Table 4 shows the result. The model using the sentences in which only one entity is linked performs poorly. One possible reason for this is the small number of entities in the mini-batch. Thus, number of negative samples is not enough for training.

Appendix F Effect of the Corpus Size

Figure 3: Number of sentences vs accuracy

When large numbers of documents are used for nearest neighbor search, using all sentences for normalization is memory-intensive. We investigated how we can reduce memory usage for prediction. One possible way is random sampling of the sentences in the database. We evaluated the model with the sentences for each dictionary mention of 1, 5, 10, 20 on MedMentions-d.

Figure 3 shows the results. Surprisingly, we found that the accuracy of the model with random sampling was higher than unity in all the sentences. One possible reason for this is that dictionary names consisting of common words (e.g., cancer and tumor) are linked in many sentences. These sentences provide harmful noise for our model.
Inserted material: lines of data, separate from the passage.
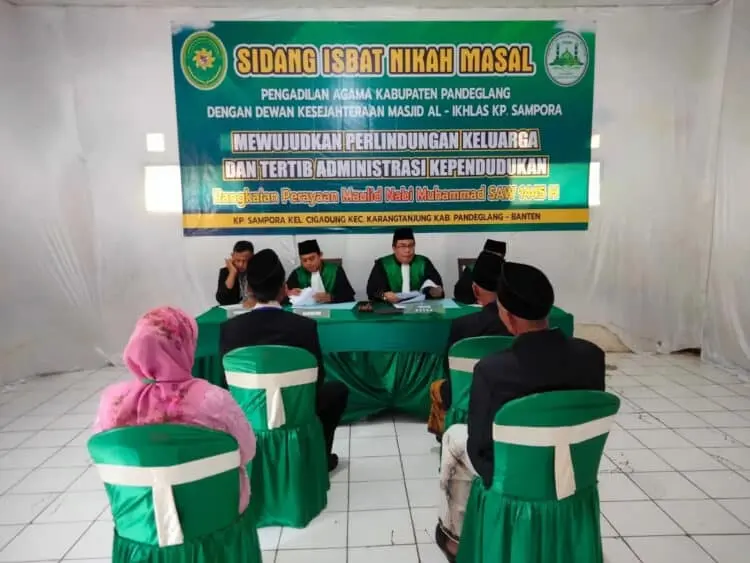 22 Pasangan Suami Istri di Pandeglang Ikuti Isbat Nikah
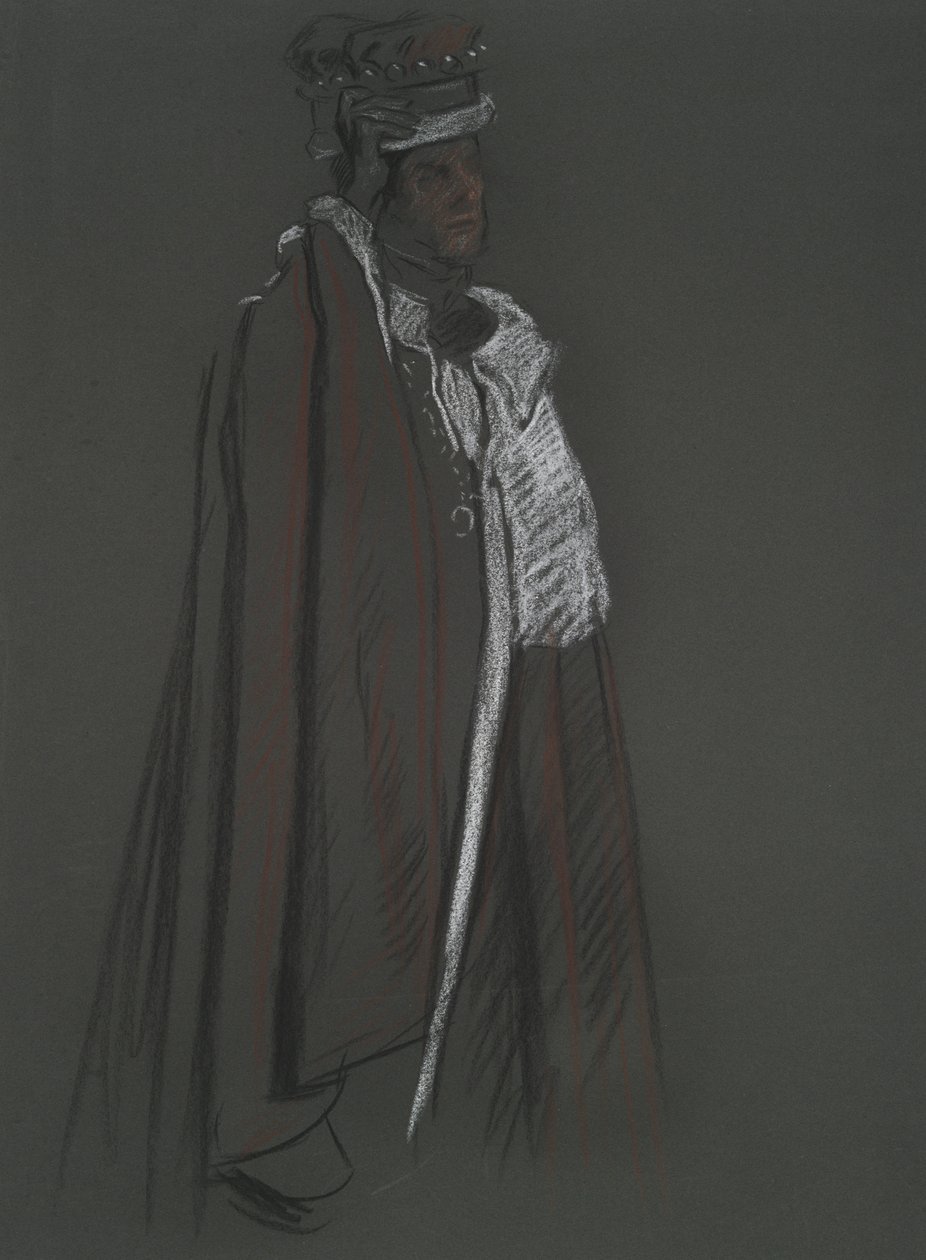 Studie Peera pro korunovaci Edwarda VII od Edwin Austin Abbey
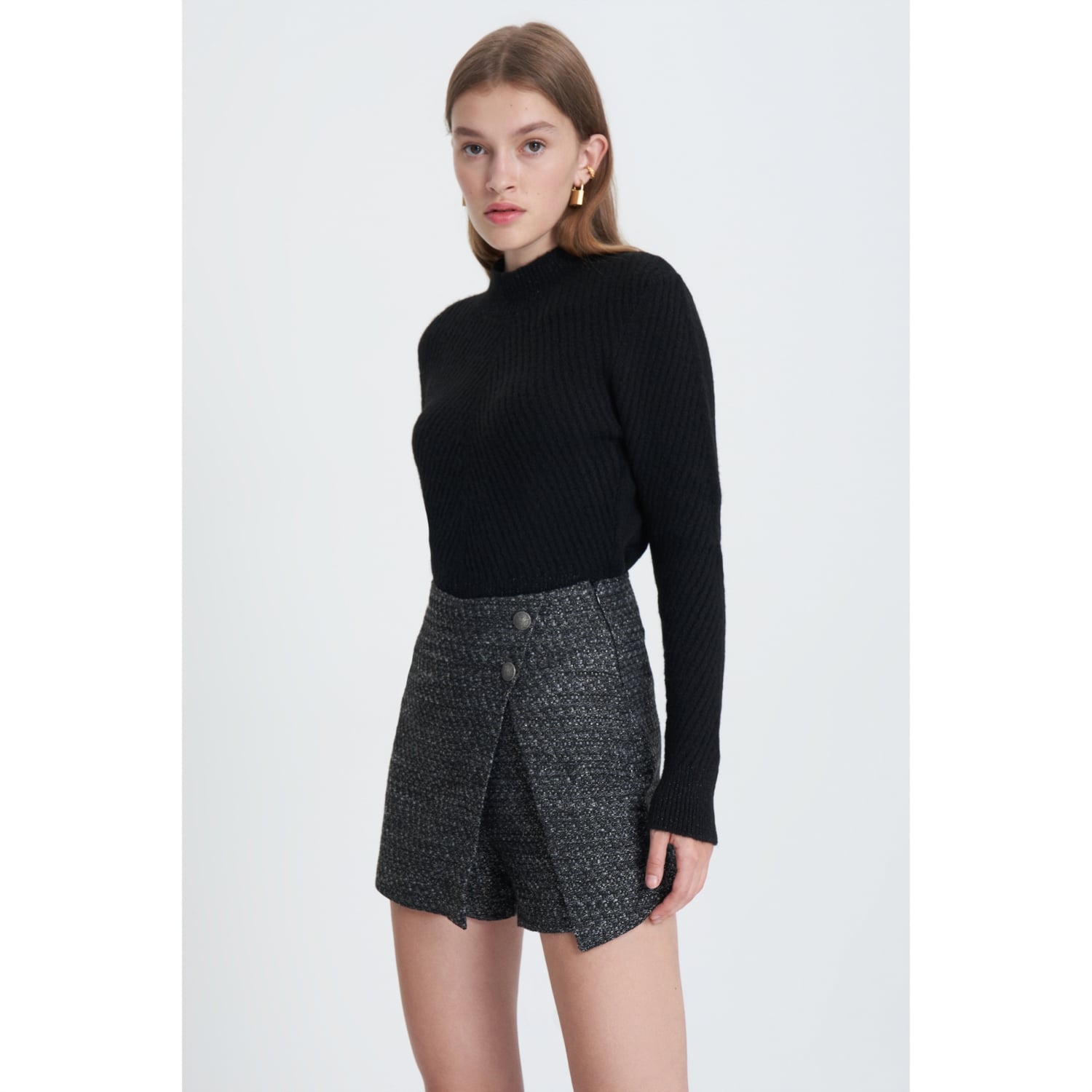 DAR KESİM ŞORT ETEK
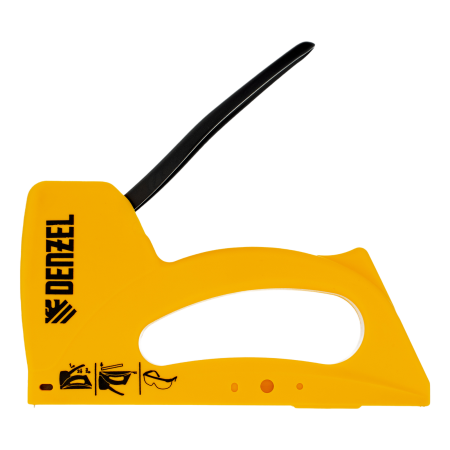 Степлер пластиковый DENZEL скобы в комплекте, тип 53, 6-10 мм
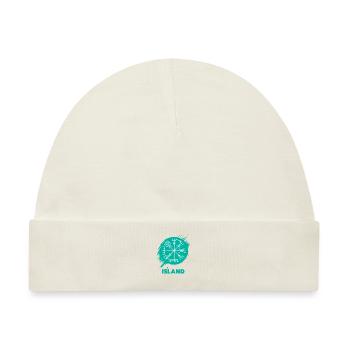 Vegvisir Iceland - Island - Baby Premium Organic Mütze - Naturweiß - Vorne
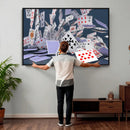 Playing Cards Canvas Wall Art | Casino Game Room Decor, by MyGreatCanvas | Canvas Wall Art Prints | Photo Prints & Wall Decor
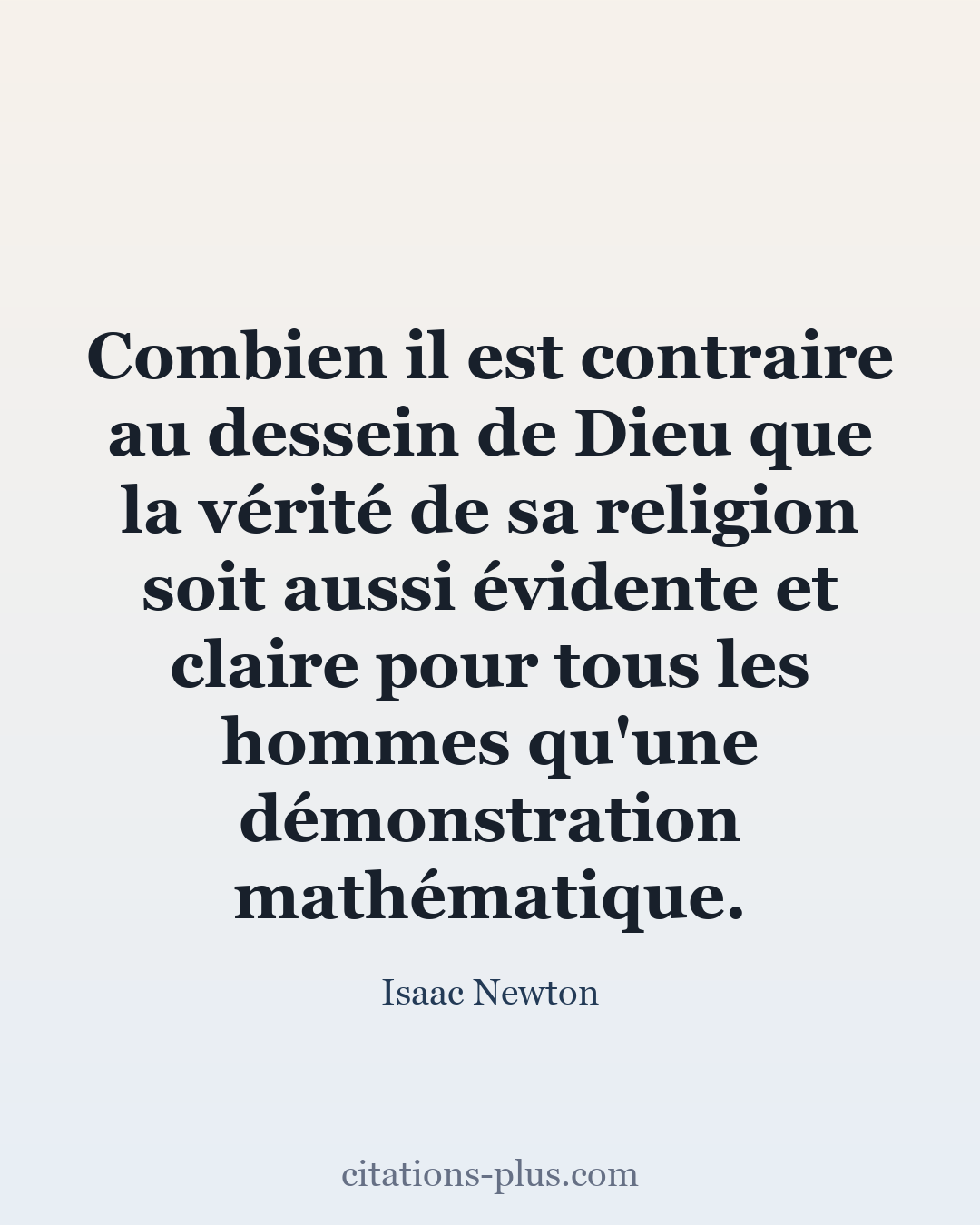 Carte Premium clair — Isaac Newton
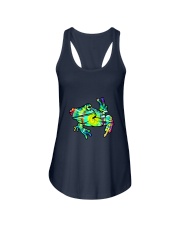 Cool Peace Frog Ladies Flowy Tank tile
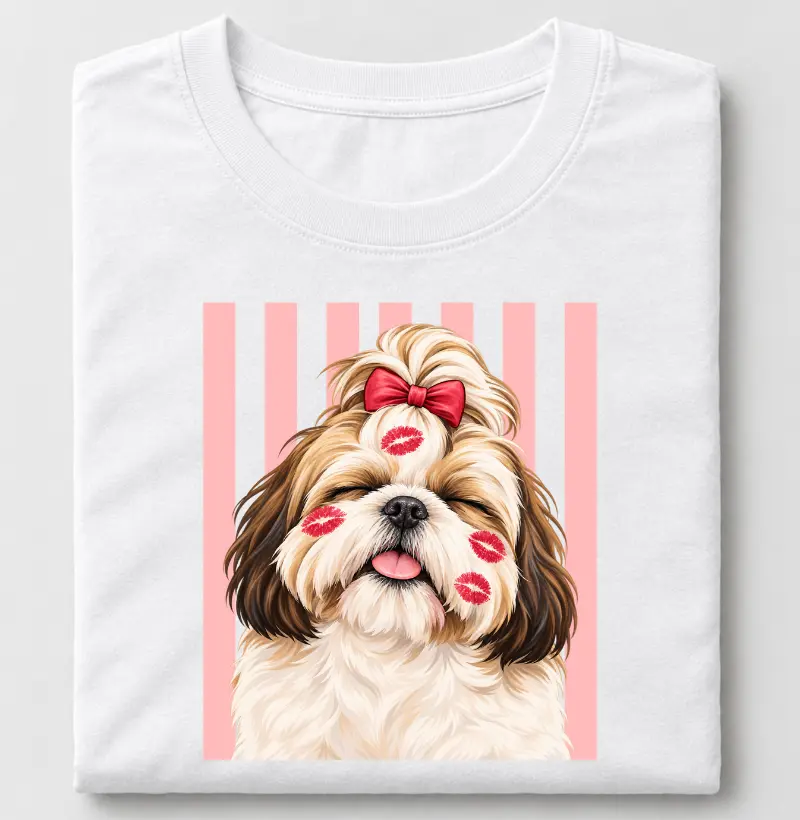Shih Tzu kiss - Camiseta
Regarding the number of sentences, although the model with 20 sentences for each concept performed best, the model can normalize the mentions with a fewer number of sentences. This implies that our model learns robust contextual entity representations.

Label: D000077273 Input: … histopathology consisted of papillary thyroid carcinoma (PTC) (n = 91, 86.7%).
SapBert [C536943] TCC
BioCoM [D000077273] … for detecting cervical lymph node (LN) metastasis in papillary thyroid carcinoma (PTC).
Label: D015430 Input: … generations on offspring metabolic traits , including weight and fat gain, …
SapBert [D015430] gain, weight
Proposed [D001835] … more elderly and had lower weights , body mass indices and arm and calf circumferences …
Table 5: More prediction samples from SapBert and BioCoM. Each example shows the [predicted concept] and the nearest neighbors. Entity mentions and the cue phrases are written in bold and italic forms, respectively.